We ordered the €39 lunch menu, which offers a single starter, a choice of fish or meat, and cheese or dessert, and comes with the mandatory amuse bouche (a shot-glass of frothy gazpacho) and chocolate goodies with the coffee.

The starter was a creamy fennel soup with a sizeable dollop of orange-flavored chantilly cream flating in it. Perfect. I then chose the lamb option: three honorable portions of spring lamb, which was just starting to acquire some of the stronger taste of older lamb. It melted beneath the handsome knives (“9.4.7” was marked on the blade – anyone know where can I buy them?) and also melted in the mouth. In the center of the plate was a little bouquet of the most delicious, most beautifully cooked string beans it has ever been my privilege to taste. Simple, but again, perfection epitomized. Add in a few roasted Noirmoutier new potatoes. This is when you start thinking: Why isn’t everyone cooking at this level? It’s not rocket science.

The fish option was a piece of John Dory on a bed of baby fava beans mixed with various acidulated ingredients, including blackcurrants and daidai, a Japanese citrus fruit. This last was something of an epiphany, because I finally understood what makes people want to squeeze lemon juice onto fish – a practice I generally recoil from. In this case, the acidity perfectly concentrated and enhanced the fine taste and texture of the fish.
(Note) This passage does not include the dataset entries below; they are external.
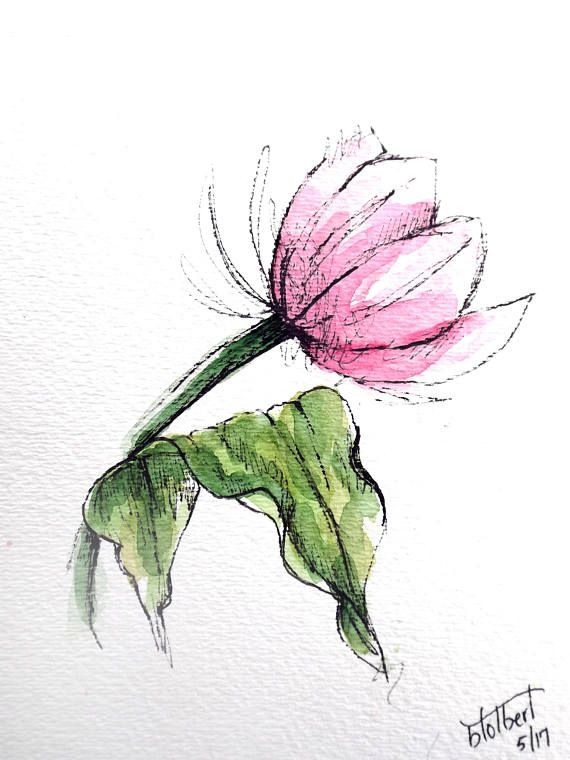 570x760 Tulip Flower Pink Original Art Watercolor Painting Pen And Ink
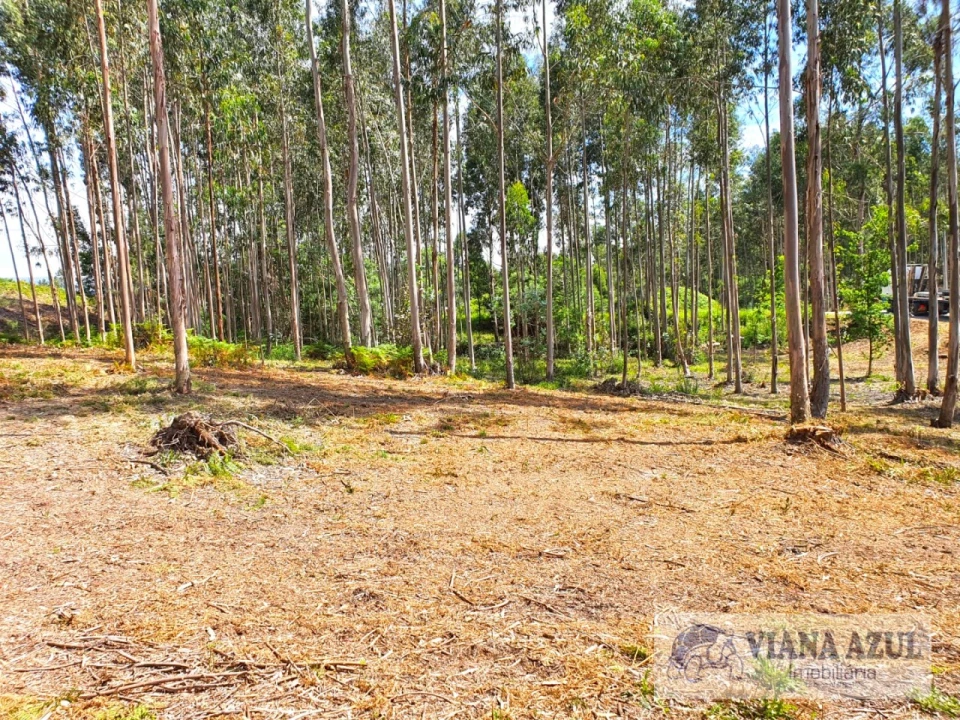 Terreno Comércio / Armazém para Venda em Cardielos e Serreleis Foto 6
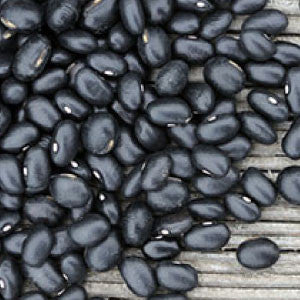 BEANS, Black Turtle Bush - 99¢ Cent Heirloom Seeds: Heirloom,Bulk	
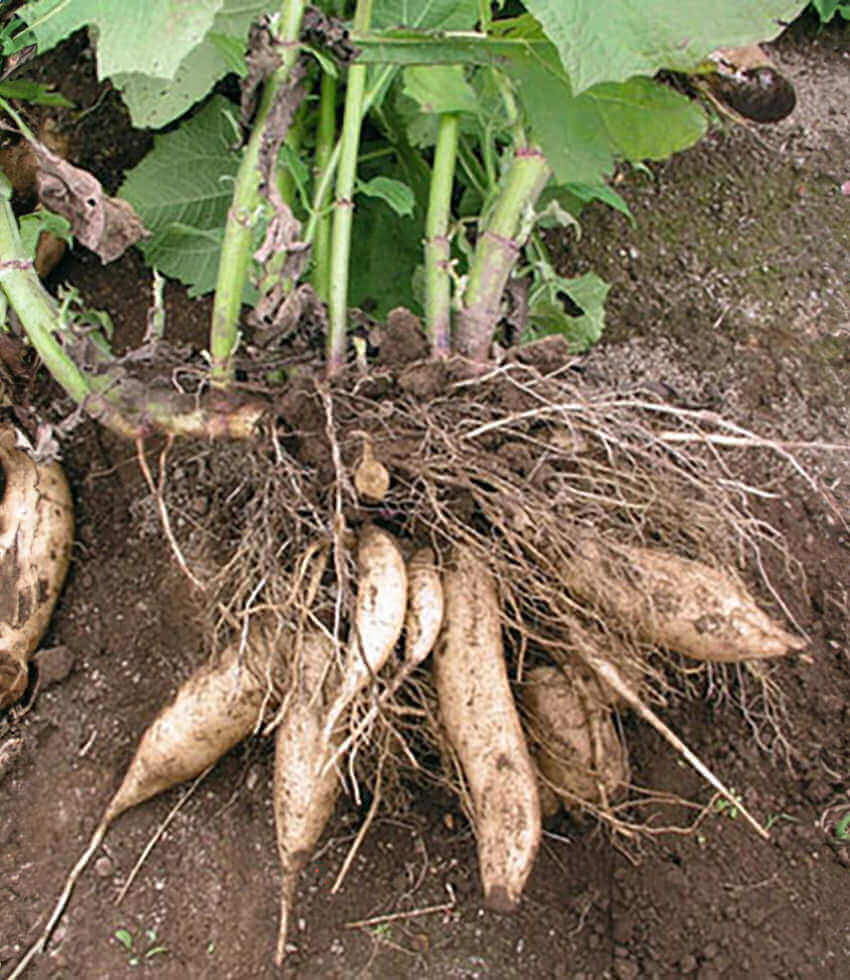 Yacon, Peruvian Ground Apple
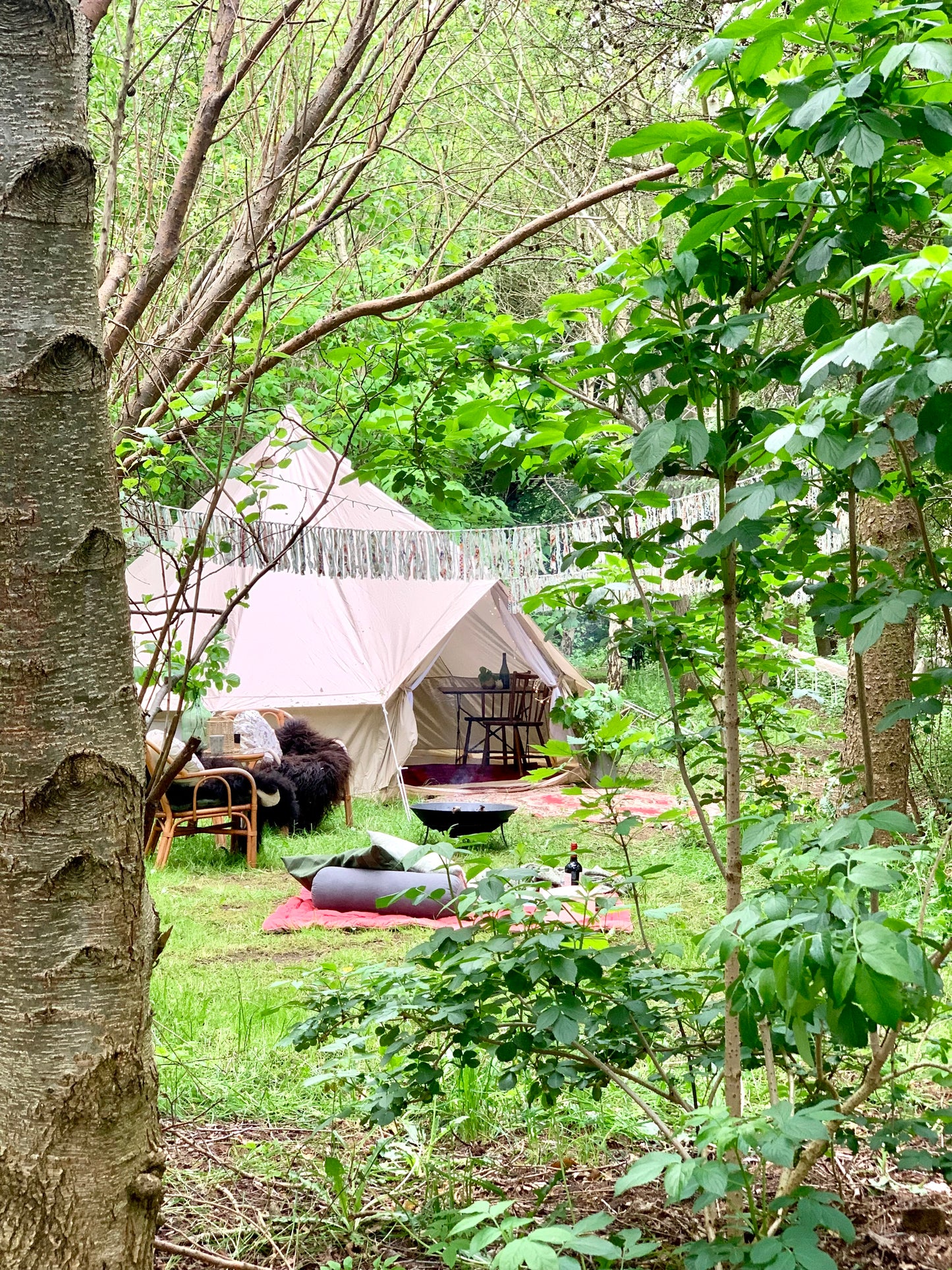 Camp Shadowland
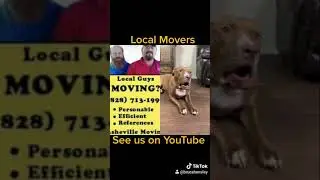Tik Tok Talking dog Asheville moving company marketing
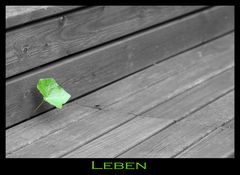 leben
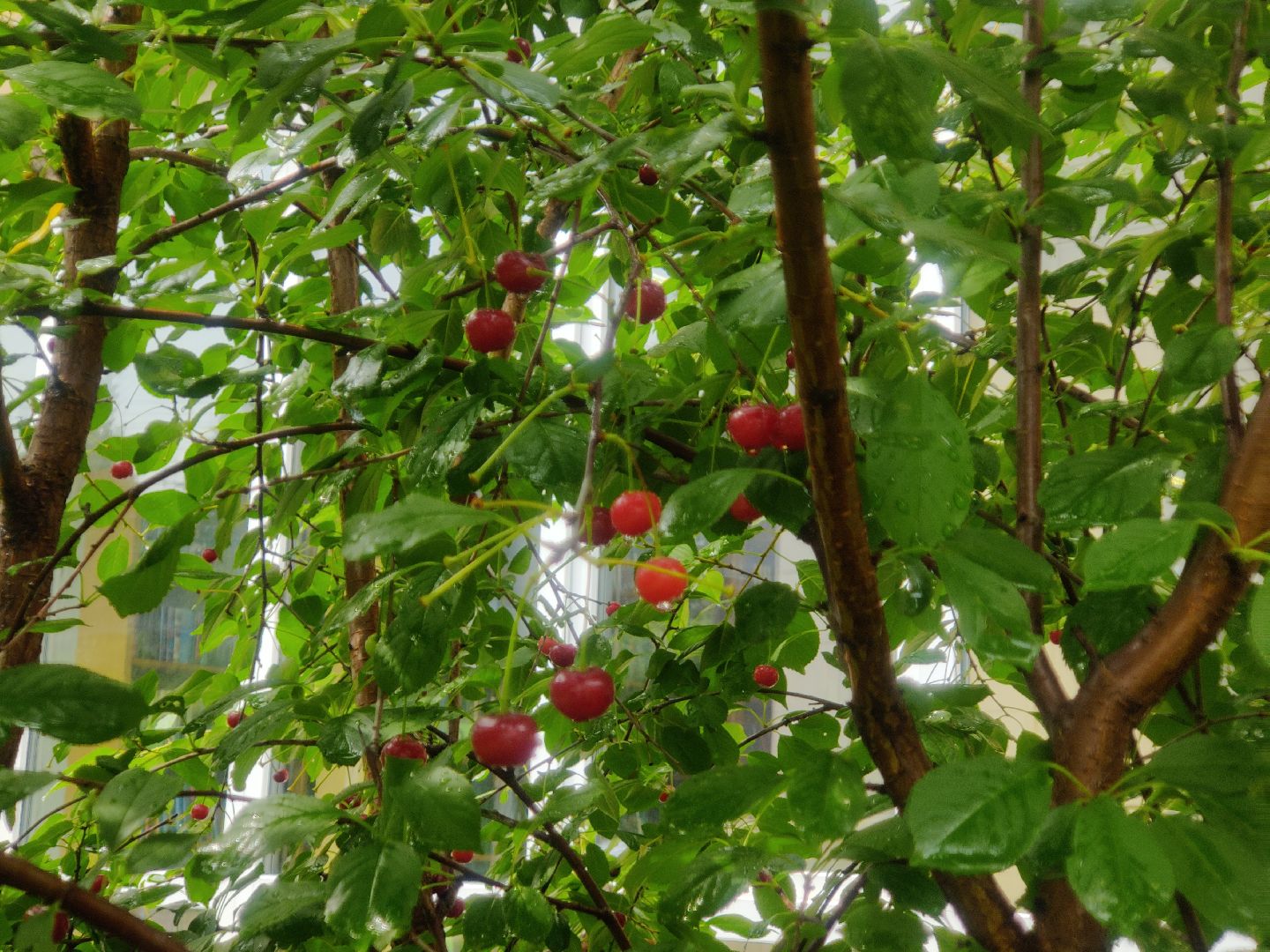 Красноармейск, Пушкинский, вишневый сад, библиотекари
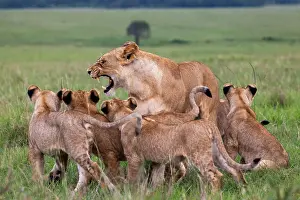 Parc: LIONESS AND YOUNGS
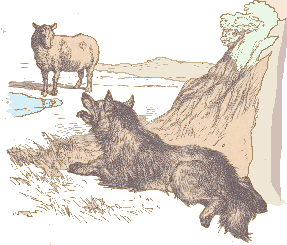 O Lobo e a Ovelha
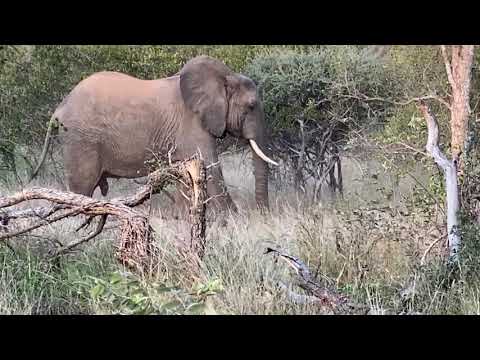 Elephant playing with water-pipe 2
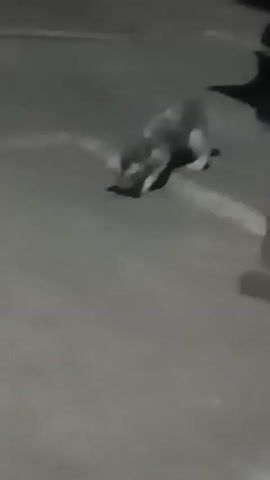 A grey and white dog is on a paved surface. The dog is hunched over and appears to be holding something in its mouth. The dog is looking down at what it is holding. The surface appears to be a parking lot with painted lines. The lighting is dim, suggesting it is nighttime or indoors with low light.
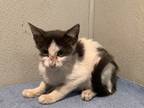 Adopt *catlyn* Front Lobby #24 a Domestic Shorthair / Mixed cat in Pomona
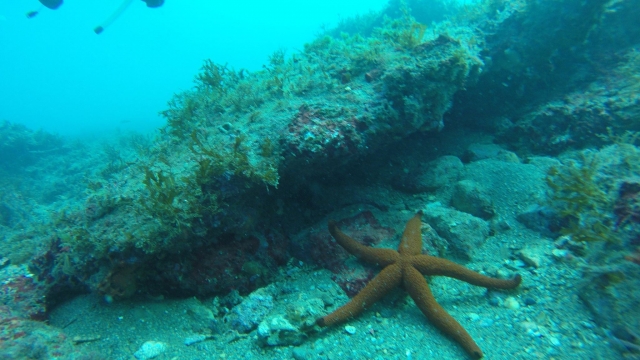 Estrella de mar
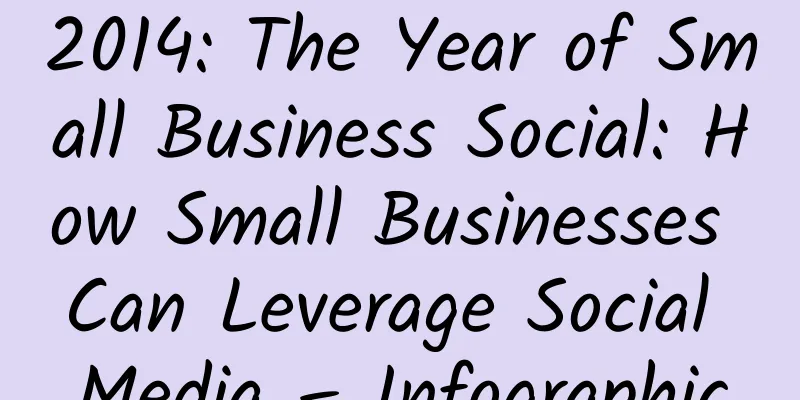 2014: The Year of Small Business Social: How Small Businesses Can Leverage Social Media – Infographic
I had spied the cheese board from across the room shortly after I was seated by the waiter and decided to order cheese rather than dessert. Room temperature: good. I was served an excellent Stilton, some very fine goat’s milk cheese and a rather tasty snippet of Reblochon. After sharing this, we divided an uncomplicated but highly toothsome dessert of berry fruits (more blackcurrants) and sorbets.

For this level of quality, €39 euros, while not exactly in luncheon-voucher territory, is anything but daylight robbery. For 10 euros less, there are plenty of places in Paris that will serve you food that, charitably, one could only rank as unexceptional.

To return to my Christian theme, let me raise this question: which servant would Agapé chef Bertrand Grébault, formerly of L’Arpège (ranked 46th in the 2008 San Pellegrino World’s Best 50 Restaurants) have been in the New Testament parable of the talents? My guess is that a lot of his critics would plump for the one who hid his master’s riches and brought them back unchanged after the master’s absence. “Unadventurous” was François Simon’s damning judgment.

But look at it another way. Here’s a chef who seems to be steadfastly bucking the trend for fancy presentation and incomprehensible names. This is all about transparency and perfect attention to well-sourced products (the butter comes from Bordier, for example, and the meat from Hugo Désnoyers). I say “Well done, good and faithful servant.”

We are meant to draw simple lessons from parables. The lesson here is for Grébault’s colleagues elsewhere: why not try upping your game to similar effect, without charging the steep prices of Agapé?

Agapé: 51, rue Jouffroy d’Abbans, 75017 Paris. Tel: 01 42 27 20 18. Métro: Wagram, Pereire or Malesherbes. Nearest Vélib’ stations: 49, rue Jouffroy d’Abbans; 64 rue de Tocqueville. Fixed-price menus: €39 (lunch only), €77 and €110.